# [WORK ORDER]
Once the line containing "Bob panda logo" appears, output it and each remaining line of the records below exactly, with no pictures and nothing more.

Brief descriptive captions
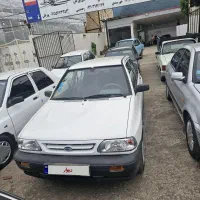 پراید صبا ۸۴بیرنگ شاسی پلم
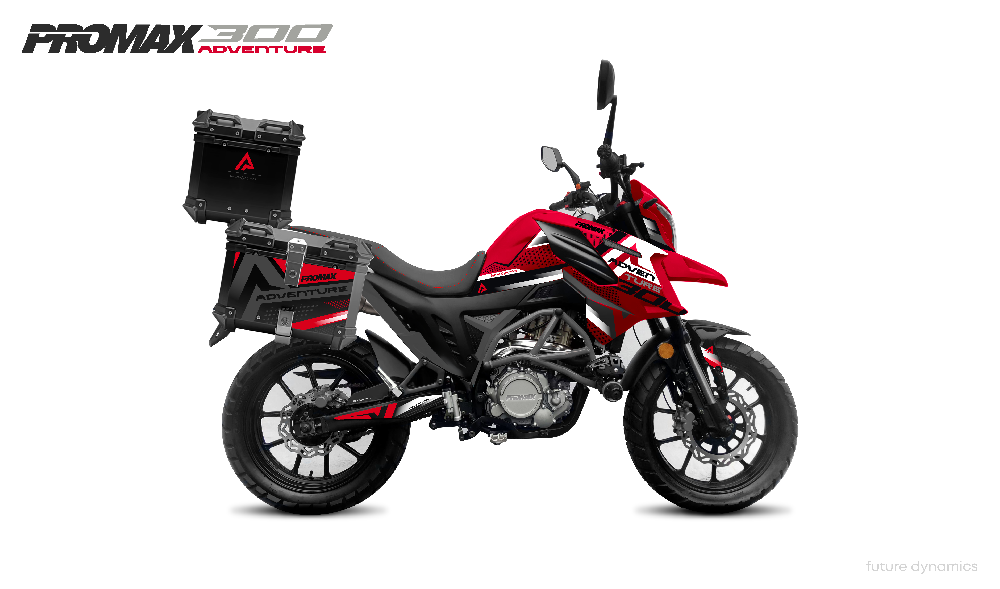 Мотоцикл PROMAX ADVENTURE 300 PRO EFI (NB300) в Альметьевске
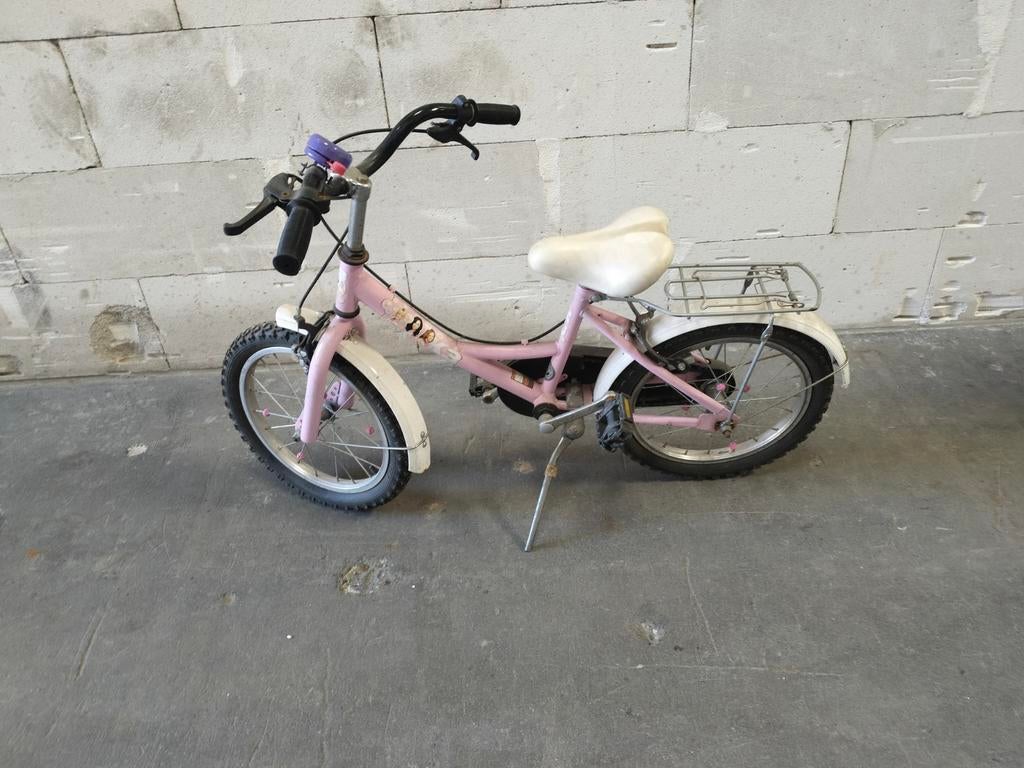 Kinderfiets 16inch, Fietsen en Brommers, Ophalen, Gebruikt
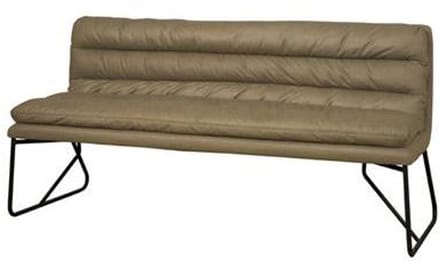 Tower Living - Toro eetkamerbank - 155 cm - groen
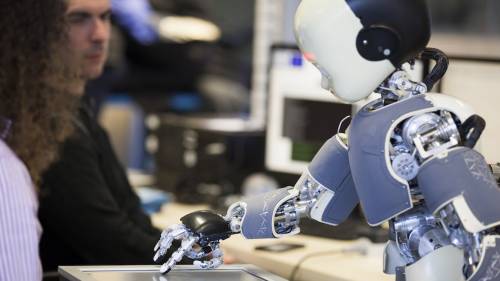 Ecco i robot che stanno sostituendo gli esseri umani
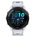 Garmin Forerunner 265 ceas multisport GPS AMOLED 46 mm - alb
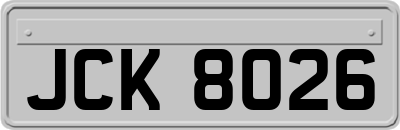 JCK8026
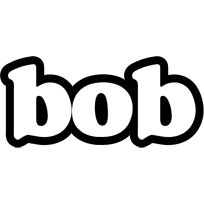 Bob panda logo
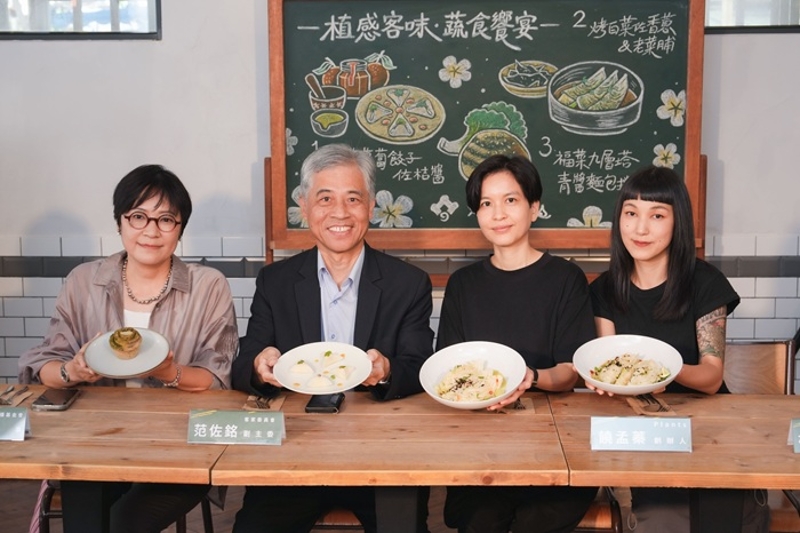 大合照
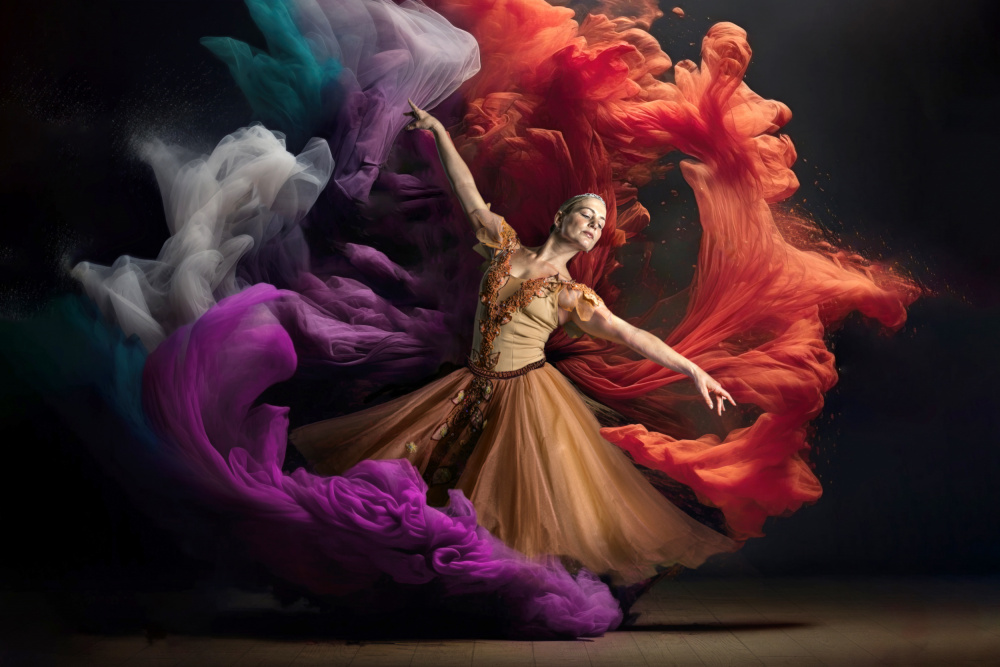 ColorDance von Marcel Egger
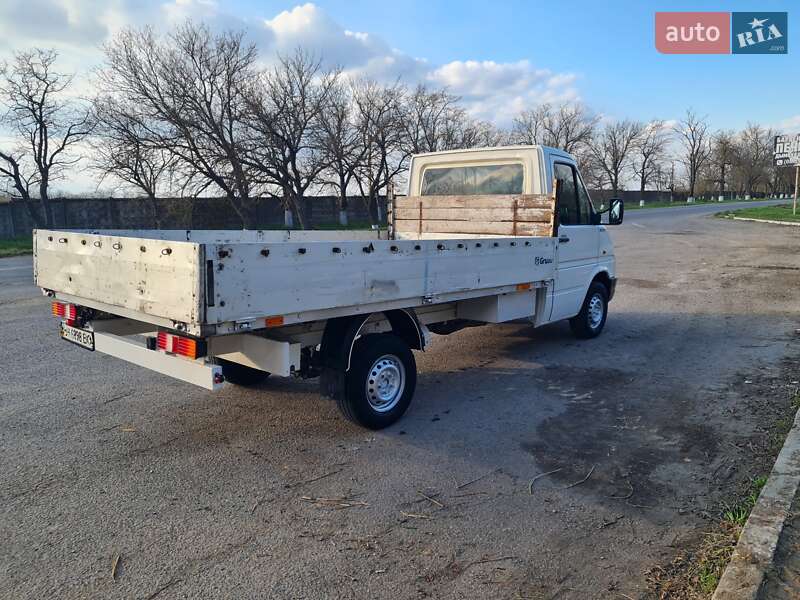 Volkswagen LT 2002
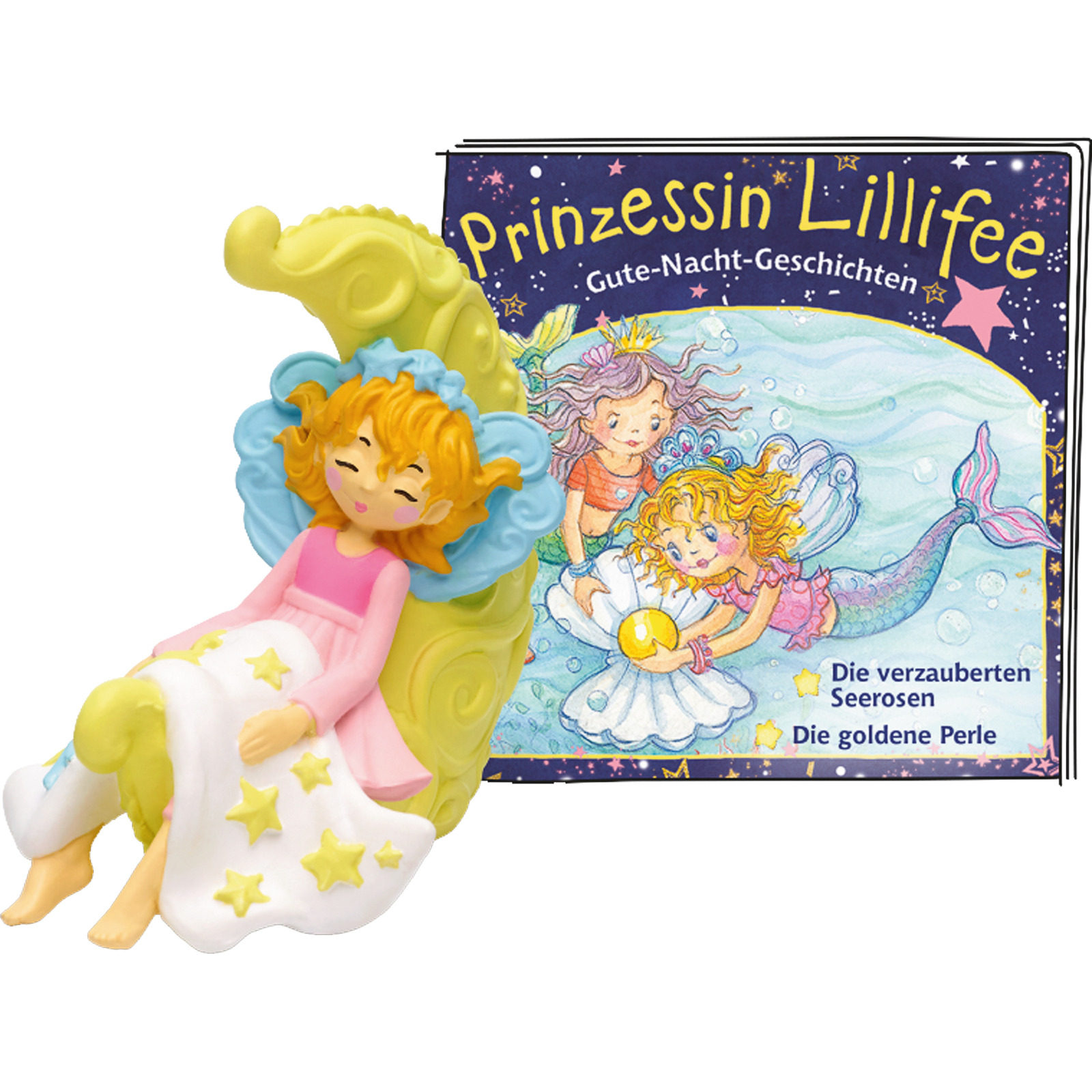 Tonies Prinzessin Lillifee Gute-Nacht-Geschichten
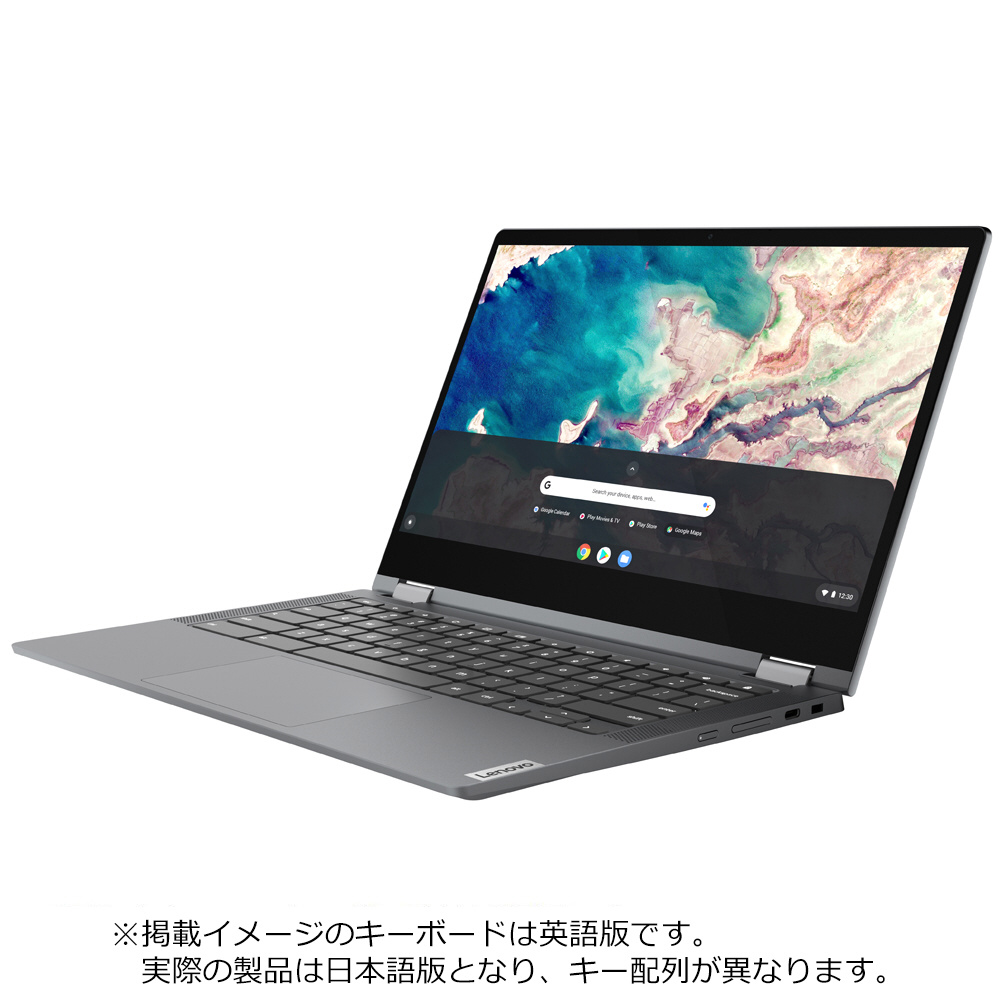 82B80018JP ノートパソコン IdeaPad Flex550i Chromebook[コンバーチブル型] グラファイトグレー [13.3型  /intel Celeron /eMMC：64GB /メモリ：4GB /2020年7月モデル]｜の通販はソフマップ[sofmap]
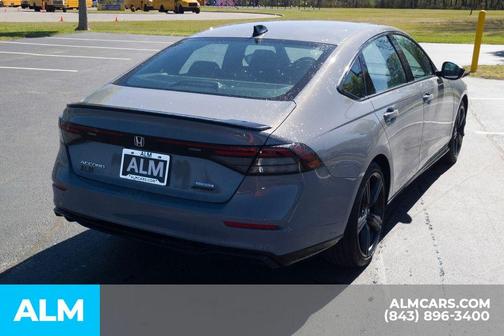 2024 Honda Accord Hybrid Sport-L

# [ANSWER FOR THE TASK]
 Bob panda logo
 大合照
 ColorDance von Marcel Egger
 Volkswagen LT 2002
 Tonies Prinzessin Lillifee Gute-Nacht-Geschichten
 82B80018JP ノートパソコン IdeaPad Flex550i Chromebook[コンバーチブル型] グラファイトグレー [13.3型  /intel Celeron /eMMC：64GB /メモリ：4GB /2020年7月モデル]｜の通販はソフマップ[sofmap]
 2024 Honda Accord Hybrid Sport-L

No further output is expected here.